Repeat exactly, please, the opening lines of the data below, through and including the line where "2023 MAN TGL" sits.

[Exercise input Boundary: Start]

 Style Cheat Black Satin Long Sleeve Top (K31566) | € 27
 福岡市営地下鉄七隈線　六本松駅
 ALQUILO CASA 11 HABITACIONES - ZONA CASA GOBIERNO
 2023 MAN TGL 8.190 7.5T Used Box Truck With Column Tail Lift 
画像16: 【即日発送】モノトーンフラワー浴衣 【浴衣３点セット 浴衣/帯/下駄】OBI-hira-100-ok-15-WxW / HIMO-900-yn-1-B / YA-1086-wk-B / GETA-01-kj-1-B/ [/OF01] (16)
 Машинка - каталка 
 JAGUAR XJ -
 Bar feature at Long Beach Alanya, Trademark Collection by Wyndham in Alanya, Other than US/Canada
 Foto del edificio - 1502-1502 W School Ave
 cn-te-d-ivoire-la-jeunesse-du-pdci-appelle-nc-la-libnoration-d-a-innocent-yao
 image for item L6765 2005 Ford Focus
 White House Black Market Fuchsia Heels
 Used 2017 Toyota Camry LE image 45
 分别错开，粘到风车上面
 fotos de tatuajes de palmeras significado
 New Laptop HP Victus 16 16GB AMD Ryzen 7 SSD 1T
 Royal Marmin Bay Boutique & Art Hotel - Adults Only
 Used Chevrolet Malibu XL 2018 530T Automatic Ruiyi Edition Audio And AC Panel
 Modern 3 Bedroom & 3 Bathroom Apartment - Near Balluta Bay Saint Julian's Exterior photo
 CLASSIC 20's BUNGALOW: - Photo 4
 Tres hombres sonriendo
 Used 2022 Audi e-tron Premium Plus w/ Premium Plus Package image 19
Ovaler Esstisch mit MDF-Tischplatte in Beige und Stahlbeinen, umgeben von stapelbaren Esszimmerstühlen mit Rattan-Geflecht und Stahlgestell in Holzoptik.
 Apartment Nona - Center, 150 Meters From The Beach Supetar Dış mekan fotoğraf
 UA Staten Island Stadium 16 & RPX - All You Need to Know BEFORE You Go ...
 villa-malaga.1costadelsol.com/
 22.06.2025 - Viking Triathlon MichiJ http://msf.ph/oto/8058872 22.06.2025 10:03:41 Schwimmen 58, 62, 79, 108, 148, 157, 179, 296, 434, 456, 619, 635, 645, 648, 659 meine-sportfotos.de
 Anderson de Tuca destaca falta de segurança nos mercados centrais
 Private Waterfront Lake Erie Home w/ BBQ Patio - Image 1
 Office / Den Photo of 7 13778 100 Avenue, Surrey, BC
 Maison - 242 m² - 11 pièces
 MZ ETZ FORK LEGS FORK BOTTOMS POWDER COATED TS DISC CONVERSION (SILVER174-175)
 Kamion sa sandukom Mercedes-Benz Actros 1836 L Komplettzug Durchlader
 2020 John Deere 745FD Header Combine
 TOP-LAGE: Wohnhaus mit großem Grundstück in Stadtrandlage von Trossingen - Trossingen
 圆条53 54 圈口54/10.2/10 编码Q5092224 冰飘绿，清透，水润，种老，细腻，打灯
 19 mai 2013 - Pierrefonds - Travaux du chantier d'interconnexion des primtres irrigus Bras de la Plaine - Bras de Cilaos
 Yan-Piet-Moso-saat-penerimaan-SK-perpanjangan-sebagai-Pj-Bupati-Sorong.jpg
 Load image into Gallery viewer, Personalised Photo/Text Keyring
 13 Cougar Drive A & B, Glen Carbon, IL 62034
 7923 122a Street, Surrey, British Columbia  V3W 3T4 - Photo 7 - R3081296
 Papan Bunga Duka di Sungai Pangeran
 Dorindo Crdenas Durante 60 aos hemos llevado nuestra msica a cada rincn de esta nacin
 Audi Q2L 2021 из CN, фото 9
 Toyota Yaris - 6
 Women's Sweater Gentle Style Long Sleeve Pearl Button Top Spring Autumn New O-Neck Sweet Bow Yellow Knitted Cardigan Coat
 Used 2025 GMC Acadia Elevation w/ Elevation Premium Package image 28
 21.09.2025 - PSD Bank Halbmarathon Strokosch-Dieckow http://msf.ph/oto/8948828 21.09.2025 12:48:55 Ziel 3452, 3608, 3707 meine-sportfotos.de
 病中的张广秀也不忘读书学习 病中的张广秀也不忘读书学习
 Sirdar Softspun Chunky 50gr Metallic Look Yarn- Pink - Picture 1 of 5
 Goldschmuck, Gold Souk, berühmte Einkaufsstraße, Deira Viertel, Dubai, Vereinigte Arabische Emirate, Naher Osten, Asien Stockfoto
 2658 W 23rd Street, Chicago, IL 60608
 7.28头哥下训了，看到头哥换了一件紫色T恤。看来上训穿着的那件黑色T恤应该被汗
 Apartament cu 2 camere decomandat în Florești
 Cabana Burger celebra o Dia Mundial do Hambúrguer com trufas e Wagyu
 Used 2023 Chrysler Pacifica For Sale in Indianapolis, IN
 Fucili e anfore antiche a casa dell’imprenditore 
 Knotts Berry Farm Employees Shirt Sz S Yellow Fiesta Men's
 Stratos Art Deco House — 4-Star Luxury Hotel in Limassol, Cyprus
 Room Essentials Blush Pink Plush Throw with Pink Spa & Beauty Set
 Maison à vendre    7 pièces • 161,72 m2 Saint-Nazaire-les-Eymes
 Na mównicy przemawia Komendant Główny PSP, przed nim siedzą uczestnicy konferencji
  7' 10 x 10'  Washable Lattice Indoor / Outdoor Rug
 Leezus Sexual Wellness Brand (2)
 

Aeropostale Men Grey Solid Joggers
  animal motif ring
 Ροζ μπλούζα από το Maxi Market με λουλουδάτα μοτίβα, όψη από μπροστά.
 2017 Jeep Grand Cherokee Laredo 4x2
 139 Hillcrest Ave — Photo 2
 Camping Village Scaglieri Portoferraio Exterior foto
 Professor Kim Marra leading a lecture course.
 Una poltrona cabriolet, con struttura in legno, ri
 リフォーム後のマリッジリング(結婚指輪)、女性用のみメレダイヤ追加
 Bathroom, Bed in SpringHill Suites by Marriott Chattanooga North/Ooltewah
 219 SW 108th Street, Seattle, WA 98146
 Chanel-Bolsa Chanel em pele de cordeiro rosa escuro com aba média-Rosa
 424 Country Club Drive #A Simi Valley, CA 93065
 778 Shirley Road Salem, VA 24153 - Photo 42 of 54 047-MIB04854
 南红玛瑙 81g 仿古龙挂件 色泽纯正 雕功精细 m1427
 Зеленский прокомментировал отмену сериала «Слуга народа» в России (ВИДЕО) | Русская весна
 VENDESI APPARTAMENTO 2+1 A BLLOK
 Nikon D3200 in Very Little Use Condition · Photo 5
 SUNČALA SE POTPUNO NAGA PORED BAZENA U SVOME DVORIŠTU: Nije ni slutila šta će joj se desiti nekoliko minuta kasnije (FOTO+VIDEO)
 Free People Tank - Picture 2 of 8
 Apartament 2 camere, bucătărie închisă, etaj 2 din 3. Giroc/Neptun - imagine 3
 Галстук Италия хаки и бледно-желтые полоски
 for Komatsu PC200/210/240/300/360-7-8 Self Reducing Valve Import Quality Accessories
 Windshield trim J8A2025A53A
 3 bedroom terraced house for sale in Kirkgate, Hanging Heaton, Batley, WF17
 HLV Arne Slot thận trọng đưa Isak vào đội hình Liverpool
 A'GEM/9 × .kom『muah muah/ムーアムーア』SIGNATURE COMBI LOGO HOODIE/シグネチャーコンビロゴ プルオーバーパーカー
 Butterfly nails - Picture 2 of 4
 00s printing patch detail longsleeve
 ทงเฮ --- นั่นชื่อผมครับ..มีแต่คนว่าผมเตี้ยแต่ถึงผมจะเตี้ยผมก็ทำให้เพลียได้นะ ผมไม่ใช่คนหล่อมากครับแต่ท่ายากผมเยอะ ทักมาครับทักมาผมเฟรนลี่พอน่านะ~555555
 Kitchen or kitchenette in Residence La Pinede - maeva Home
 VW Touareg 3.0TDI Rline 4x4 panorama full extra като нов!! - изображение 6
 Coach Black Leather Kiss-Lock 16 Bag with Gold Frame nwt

[Exercise input Boundary: End]

Answer below
 Style Cheat Black Satin Long Sleeve Top (K31566) | € 27
 福岡市営地下鉄七隈線　六本松駅
 ALQUILO CASA 11 HABITACIONES - ZONA CASA GOBIERNO
 2023 MAN TGL 8.190 7.5T Used Box Truck With Column Tail Lift 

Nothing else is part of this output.